Those are all things that annoy me about my specific camera, they’re all fairly minor and they’re all within the realms of current technology to fix (and could all be addressed with the Canon 5D Mark III).

There are other feature and quality issues that affect every camera, many of which aren’t going to be addressed within the next 15 years let alone the next camera release, and I’ll get to those in a future post.

Previsualizing Yourself Into A Corner

Within photography circles there is a lot of talk about previsualization – the idea of forming a concept of an image before you even step into the field. Previsualization is almost universally lauded as a technique that you can use to improve your photography. Previsualization can involve all aspects of the finalized image, including concrete elements like composition, subject matter, light, and color to more subjective elements such as mood, drama, and atmosphere.

For natural landscape photography, previsualization isn’t all it’s cracked up to be. Previsualization, alone, can actually make your photographs worse.

Photographing nature is a double-edged sword. You are at the mercy of forces which are largely unpredictable. With scouting, increased knowledge of your subject, knowledge of seasonal and current weather patterns, and experience you can increase predictability but only to a degree. Nature will often not behave as you would like, but it can also present you with amazing opportunities that you did not anticipate.

If you have a previsualized image in mind, you need to be able to abandon it with extreme prejudice if the conditions are not right. You should never settle for a subpar previsualized image when there is a good non previsualized image just around the corner. Flexibility and the ability to adapt are skills that are just as useful as any amount of previsualization.

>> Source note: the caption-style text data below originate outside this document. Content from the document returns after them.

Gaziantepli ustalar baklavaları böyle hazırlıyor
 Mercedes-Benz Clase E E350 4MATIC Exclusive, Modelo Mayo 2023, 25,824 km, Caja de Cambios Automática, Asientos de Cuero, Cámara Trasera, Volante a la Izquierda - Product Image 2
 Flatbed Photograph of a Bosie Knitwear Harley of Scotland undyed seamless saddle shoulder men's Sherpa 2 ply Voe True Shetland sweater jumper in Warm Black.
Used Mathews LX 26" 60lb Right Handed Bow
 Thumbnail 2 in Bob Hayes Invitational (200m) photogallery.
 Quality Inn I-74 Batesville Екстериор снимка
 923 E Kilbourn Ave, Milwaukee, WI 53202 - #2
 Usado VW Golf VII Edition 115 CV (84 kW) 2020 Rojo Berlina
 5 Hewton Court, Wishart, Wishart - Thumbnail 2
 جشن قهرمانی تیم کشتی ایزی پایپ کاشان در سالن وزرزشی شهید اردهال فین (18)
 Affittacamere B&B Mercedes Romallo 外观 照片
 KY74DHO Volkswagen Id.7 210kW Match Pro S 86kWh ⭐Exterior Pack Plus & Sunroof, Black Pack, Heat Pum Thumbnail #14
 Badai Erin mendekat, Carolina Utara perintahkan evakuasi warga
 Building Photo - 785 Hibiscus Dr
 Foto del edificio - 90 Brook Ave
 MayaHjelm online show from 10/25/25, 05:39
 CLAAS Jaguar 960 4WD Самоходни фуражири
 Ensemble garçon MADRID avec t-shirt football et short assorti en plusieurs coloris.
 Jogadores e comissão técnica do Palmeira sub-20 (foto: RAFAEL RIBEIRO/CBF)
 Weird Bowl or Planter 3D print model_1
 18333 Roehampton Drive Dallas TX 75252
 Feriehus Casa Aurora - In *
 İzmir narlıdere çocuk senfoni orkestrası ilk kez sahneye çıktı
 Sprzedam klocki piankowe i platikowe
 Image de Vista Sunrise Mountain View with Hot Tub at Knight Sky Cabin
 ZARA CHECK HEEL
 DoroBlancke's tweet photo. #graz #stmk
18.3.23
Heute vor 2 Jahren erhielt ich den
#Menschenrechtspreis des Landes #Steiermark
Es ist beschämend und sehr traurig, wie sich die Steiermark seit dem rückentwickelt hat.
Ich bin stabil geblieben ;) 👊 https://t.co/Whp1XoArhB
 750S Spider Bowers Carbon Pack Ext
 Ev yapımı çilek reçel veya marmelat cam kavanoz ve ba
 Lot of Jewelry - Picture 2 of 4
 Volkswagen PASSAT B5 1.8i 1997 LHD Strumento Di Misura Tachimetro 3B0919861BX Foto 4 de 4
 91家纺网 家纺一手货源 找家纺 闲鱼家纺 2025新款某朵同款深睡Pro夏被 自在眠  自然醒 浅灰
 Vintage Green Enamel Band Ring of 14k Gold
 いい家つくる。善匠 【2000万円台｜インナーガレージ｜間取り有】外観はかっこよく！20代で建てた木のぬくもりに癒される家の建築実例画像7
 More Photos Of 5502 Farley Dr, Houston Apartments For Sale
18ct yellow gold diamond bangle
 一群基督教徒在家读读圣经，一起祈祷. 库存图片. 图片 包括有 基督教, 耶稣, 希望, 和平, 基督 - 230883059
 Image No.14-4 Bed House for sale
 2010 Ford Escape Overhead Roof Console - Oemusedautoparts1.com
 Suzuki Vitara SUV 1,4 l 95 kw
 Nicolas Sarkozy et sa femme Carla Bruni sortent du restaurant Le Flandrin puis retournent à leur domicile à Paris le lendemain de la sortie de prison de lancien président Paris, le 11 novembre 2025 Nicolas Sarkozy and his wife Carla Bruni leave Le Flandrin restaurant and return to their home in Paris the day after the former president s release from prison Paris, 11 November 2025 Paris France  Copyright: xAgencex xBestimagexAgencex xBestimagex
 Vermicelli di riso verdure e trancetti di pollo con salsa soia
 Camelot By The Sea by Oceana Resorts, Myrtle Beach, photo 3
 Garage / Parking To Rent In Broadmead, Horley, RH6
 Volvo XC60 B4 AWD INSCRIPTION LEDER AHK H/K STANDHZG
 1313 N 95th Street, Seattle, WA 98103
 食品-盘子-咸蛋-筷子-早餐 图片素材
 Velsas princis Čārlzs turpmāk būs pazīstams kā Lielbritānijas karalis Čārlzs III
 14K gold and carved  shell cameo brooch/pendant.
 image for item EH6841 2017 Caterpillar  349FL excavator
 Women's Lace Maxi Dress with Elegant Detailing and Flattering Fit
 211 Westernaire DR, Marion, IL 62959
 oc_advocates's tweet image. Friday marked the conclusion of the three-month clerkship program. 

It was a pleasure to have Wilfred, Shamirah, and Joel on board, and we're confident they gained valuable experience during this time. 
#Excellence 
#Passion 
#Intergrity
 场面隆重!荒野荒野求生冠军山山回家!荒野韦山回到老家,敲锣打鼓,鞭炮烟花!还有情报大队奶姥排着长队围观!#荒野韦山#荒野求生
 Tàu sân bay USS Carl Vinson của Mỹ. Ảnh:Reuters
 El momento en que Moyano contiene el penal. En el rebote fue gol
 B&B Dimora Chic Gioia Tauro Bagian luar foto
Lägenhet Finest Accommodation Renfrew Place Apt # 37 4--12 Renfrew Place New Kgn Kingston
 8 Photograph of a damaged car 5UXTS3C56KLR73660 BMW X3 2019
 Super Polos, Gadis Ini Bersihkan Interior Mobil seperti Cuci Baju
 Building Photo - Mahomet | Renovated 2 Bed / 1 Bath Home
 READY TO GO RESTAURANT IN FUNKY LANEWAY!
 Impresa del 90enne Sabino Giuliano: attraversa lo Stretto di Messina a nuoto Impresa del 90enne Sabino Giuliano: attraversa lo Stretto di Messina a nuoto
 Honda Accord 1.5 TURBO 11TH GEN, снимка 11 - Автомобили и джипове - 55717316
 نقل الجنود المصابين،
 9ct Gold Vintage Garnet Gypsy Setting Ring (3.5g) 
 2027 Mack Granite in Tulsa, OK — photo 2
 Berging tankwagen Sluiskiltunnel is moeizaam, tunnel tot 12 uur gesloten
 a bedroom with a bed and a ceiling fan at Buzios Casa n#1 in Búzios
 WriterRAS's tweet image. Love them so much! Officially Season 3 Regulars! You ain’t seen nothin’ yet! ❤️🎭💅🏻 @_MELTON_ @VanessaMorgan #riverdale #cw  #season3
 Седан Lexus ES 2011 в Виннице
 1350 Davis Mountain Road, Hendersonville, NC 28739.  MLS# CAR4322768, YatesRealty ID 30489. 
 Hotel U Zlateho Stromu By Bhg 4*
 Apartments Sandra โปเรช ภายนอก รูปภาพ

This is not to say that previsualization is a bad technique. In fact I always start off with previsualization.

When I previsualize an image, I’m mostly concerned with subject matter and light. Usually I don’t worry about compositions, I can find those when I’m in the field. I have a long and growing list of images I’d like to try, some of them work in overcast light, some with no cloud cover, some with backlit or frontlit clouds, some with fog, some with the moon as a subject, some with the moon as the primary light source, some at night with no moon (moving stars, static stars), some with long shutter speeds, and some with narrow depth of field. The previsualized images vary in their degree of specificity, some are highly specific and may take years to fulfill (star trails over Upper Yosemite falls with a moonbow), and some are more general (mountain reflection with alpenglow and wildflowers along the shoreline).

Having a long and growing list of previsualized images, many of which work for different lighting conditions, is good way to mitigate risk if the light turns out differently than you anticipate. There are times however when nothing that you previsualized will work. Your anticipated subject may be in front of you but the epic light is ninety degrees away.

At this point you can either settle for a crappy version of your previsualized image or start looking for something else. That something else may have the same subject, but with a different mood or light, or may involve a completely different subject altogether.

There is risk involved with abandoning your previsualized image. You may very well end up with a mediocre image (or no image at all). Often the risk will pay off and you will come back with something that’s much better than your previsualized image. In some instances, your new non previsualized image may not be any good, but may give you ideas for a future image that would work with slightly modified conditions (many of the images in my previsualization list are actually the result of non-previsualized images that didn’t work out).

You are allowed to take credit for non previsualized images. Just because the seeds to germinate an image were sown by forces outside of your control and not your brain months before you pressed the shutter doesn’t invalidate the result. Some images are best created from the bottom up (by adapting to available conditions) rather than top down in your head.

The goal should always be to create great images. How you get there may be interesting but is ultimately irrelevant. The image will stand on its own or it won’t. By limiting the paths you take to creating a great image, you’re also limiting the number of great images that you take.

HDR Sucks

OK, that’s not true.

HDR doesn’t suck, tone-mapping sucks!

OK, that’s not exactly true either. Tone-mapping usually sucks. It’s rarely true that a technique always sucks outright. There’s a time and a place for everything, just like bagpipes have their place in music, tone-mapping has its place in realistic natural landscape photography. A very very small place.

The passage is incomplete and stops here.